An Advisor's Guide to Helping Women Become Savvy Investors

An Advisor's Guide to Helping Women Become Savvy Investors

Today, more women than ever are involved in managing their personal and household finances. In a recent study, nearly half of the women surveyed (44%) stated that they are solely responsible for their household financial decisions, compared to 35% of men1. But the study wasn’t all good news. While women may be taking the lead when it comes to their finances, they also reported that they are not confident in doing so. In fact, in every financial category included in the survey, men reported much greater confidence than women. Where was the biggest gap? You guessed it: investing.

For advisors, this presents a challenge and an opportunity.

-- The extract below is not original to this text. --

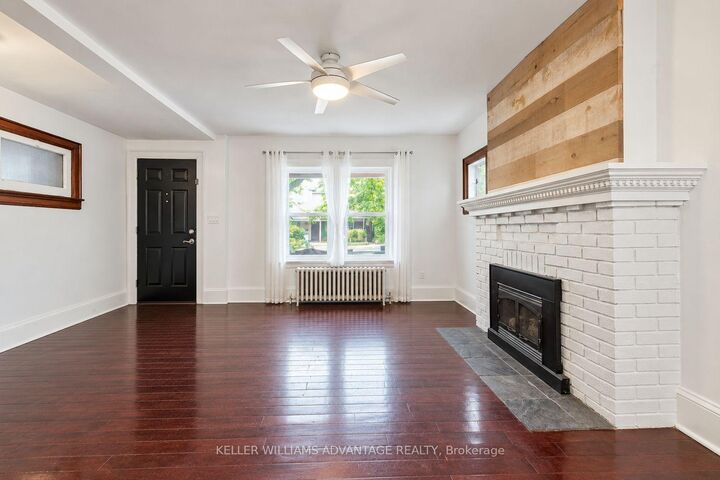 Photo de la propriété:  585 Woodbine Avenue Main &Amp 2nd  ON M4E 2H9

There is a 90% likelihood that a woman will be financially self-reliant at some point in her life due to divorce, becoming a widow, or choosing to marry later in life or not at all2. By taking steps to help your female clients become confident, savvy investors, you’ll not only be more effective at serving in the best interests of these women and their families, but you’ll also be able to build much stronger, more trusted relationships to help ensure each family’s assets remain in your care for decades to come.

Follow these five steps to help your female clients invest with greater confidence:


1. Urge every woman to put her financial needs first. 

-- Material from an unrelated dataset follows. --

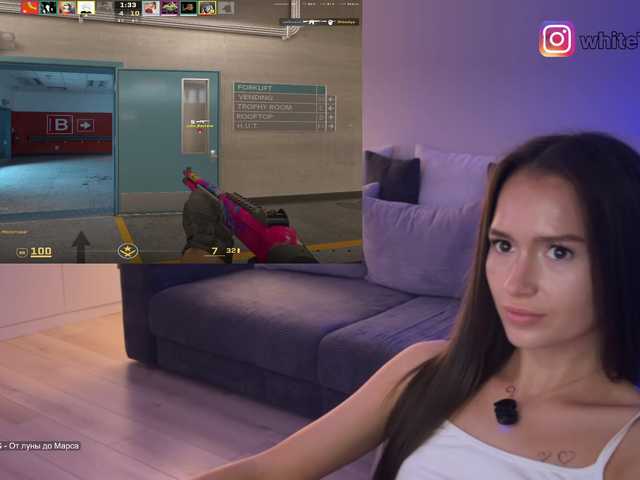 whiteTEAa live cam on BongaCams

Women do have a weakness when it comes to planning for the future, but it has nothing to do with a lack of knowledge, skill, or smarts. Their primary weakness is a willingness to put others’ needs first. This is a huge mistake when it comes to planning for the future. Investing for retirement simply can’t wait until the kids are grown or aging parents no longer need care. In fact, based on average life expectancies, women should plan to accumulate enough funds to last at least 20 years after retirement. The following chart illustrates the power of compounding based on an 8% rate of return to help bring that point home:

This hypothetical example assumes an annual 8% rate of return and does not take into account income taxes or investment fees and expenses. This example is for illustrative purposes only and does not represent the performance of any specific investment. An investor’s actual return is not likely to be consistent from year to year, and there is no guarantee that a specific rate of return will be achieved.

2. Educate women about the power of investing.


Security about any topic is rooted in confidence and knowledge. Educating your female clients about investment basics can help drive more confident decisions and more positive long-term outcomes. From the basics of compounding to the nuts and bolts of researching options and understanding the pros and cons of different asset classes, make it your job to help every client understand what she is buying—and why.

3. Dive into the details of asset allocation.


Asset allocation is by far the largest determinant of a portfolio’s success—even more important than the individual securities selected and timing of an investment. This is critical information for your client to understand as she pursues her financial goals.

Related: Need More Referrals? 5 Steps to Building Stronger Word-Of-Mouth Influence

4. Discuss how her investment strategy needs to evolve over time.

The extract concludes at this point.